BAKU -- A prominent Azerbaijani blogger who crusades against corruption says he was beaten by police after being forcibly detained on a central Baku street on January 9.
Hours after friends said that Mehman Huseynov had been grabbed by men in civilian clothes and shoved into a vehicle, he was brought to a Baku court that ruled that he had disobeyed police and fined 200 manats ($113).
Leaving the courtroom, Huseynov said that he had been detained after an unemployed man complained that he had hit him with his shoulder.
Huseynov, who was held incommunicado until the hearing, said the officers who detained him had put a sack over his head, verbally abused him, and beat him. His nose was bloodied.
"I am not broken," Huseynov said, adding that he does not plan to pay the fine.

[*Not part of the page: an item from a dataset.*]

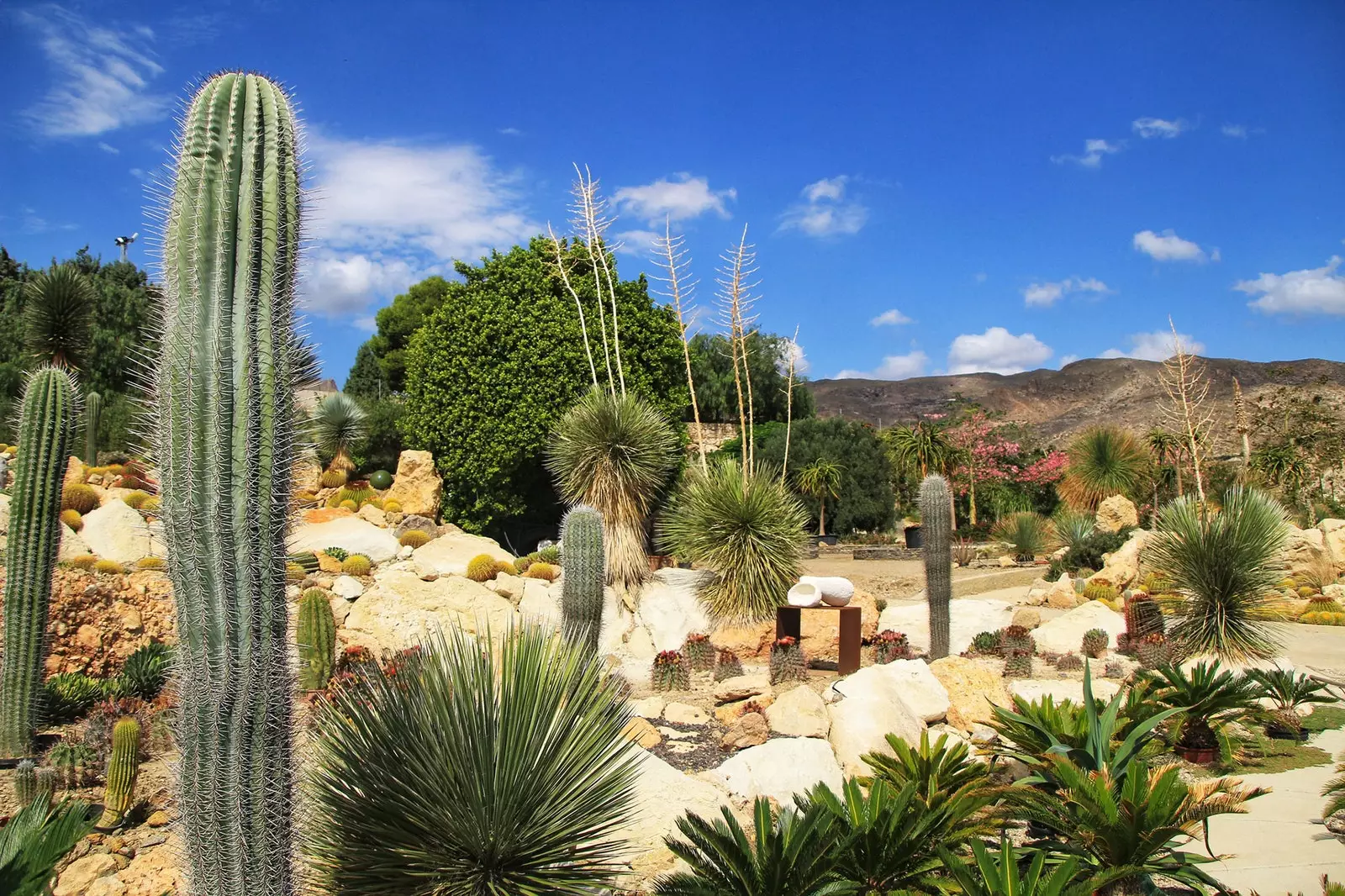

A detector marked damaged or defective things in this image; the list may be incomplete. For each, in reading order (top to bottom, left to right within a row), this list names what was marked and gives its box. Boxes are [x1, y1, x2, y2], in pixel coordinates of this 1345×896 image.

rust corten steel pedestal [777, 605, 861, 676]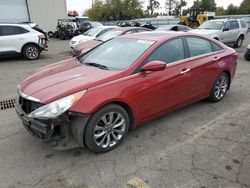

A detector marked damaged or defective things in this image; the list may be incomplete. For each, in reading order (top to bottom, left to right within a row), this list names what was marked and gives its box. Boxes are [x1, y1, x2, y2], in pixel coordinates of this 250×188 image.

Huseynov's efforts to expose high-level corruption have irked President Ilham Aliyev's government.
In recent weeks, Huseynov had posted photographs of villas he alleged belonged to government officials and lawmakers and interviewed workers who built the homes.
Rights groups and government critics say Aliyev, who succeeded his father in 2003, has used politically motivated arrests and other methods to stifle dissent in the oil-rich former Soviet republic in the South Caucasus.
Rebecca Vincent, the U.K. bureau director for Reporters Without Borders, said on Twitter that Huseynov is under a travel ban and "remains at serious risk," despite his release.
She added: "Others aren't so lucky in #Azerbaijan. More than 100 political prisoners remain unjustly jailed for disagreeing w/corrupt Aliyev regime."